Count, in the entries, the lines with "Storage". Answer with the number only.

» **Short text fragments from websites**
◇ ◇ ◇
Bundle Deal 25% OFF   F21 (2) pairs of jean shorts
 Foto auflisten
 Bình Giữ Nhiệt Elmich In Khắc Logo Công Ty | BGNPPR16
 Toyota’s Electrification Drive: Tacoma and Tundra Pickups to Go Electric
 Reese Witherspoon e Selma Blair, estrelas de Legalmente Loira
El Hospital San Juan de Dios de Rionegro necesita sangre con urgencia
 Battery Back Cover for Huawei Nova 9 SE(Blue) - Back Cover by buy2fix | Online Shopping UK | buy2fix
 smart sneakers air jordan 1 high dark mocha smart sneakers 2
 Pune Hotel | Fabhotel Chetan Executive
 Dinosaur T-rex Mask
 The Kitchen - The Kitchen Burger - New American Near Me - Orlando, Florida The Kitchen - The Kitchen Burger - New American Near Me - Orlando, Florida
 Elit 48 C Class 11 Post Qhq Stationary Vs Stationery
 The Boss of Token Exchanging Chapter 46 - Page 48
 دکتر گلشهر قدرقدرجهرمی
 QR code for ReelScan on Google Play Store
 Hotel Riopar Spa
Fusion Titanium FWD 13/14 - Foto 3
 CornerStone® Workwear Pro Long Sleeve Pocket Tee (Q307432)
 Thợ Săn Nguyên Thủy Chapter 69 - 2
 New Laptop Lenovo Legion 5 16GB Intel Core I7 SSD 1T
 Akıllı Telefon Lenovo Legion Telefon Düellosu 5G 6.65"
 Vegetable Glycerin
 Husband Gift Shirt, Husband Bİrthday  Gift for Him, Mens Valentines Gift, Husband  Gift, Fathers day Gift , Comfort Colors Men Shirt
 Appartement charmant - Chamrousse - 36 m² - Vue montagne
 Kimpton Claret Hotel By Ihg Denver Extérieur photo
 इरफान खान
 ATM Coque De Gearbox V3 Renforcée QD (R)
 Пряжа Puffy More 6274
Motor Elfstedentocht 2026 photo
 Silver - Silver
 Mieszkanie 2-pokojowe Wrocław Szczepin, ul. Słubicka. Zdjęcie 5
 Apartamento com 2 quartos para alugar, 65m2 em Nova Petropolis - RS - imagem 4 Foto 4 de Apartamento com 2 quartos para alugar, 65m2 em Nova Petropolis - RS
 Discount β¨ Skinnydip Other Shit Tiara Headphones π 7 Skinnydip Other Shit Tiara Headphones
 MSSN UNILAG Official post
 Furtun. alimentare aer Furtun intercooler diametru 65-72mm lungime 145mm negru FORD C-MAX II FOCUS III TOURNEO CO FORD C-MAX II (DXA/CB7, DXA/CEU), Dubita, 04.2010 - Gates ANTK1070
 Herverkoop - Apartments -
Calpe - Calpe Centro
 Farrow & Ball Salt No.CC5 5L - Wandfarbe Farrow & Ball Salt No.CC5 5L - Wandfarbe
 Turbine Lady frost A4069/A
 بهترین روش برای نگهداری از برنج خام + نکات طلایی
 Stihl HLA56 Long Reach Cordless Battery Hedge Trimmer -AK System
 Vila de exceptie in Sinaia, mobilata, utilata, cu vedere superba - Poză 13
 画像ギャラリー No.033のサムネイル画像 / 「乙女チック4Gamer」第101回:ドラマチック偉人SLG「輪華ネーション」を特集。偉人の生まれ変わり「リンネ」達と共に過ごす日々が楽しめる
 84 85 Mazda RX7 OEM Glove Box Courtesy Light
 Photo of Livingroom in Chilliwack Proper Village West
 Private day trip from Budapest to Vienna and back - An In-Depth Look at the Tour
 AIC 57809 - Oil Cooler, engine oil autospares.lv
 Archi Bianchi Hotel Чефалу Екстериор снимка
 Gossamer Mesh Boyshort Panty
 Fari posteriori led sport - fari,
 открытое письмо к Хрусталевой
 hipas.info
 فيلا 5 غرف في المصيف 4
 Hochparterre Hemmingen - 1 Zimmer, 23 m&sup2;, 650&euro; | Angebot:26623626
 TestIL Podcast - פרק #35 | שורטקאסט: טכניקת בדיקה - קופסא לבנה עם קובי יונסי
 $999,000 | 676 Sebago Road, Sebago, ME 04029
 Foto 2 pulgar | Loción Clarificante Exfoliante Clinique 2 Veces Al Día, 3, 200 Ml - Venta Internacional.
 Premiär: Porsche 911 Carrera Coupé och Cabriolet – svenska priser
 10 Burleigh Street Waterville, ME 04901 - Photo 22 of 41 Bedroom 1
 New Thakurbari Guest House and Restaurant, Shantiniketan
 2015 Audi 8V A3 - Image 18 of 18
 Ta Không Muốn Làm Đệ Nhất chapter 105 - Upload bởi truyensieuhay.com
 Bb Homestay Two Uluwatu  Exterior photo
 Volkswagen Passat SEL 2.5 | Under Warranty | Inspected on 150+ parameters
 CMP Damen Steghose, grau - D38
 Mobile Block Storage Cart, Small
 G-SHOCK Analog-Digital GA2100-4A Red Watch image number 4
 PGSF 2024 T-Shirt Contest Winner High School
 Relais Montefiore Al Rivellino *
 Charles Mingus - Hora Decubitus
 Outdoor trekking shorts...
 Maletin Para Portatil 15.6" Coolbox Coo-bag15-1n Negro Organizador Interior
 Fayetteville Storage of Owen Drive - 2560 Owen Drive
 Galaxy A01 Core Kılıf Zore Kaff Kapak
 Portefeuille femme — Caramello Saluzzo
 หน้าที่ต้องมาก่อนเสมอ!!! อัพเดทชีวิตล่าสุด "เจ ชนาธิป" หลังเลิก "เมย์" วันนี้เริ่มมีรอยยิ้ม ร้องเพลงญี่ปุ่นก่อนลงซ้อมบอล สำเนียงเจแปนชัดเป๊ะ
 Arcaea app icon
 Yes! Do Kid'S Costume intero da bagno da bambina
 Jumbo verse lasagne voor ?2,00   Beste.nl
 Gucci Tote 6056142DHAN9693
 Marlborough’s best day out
◇ ◇ ◇
» **The completed task**
2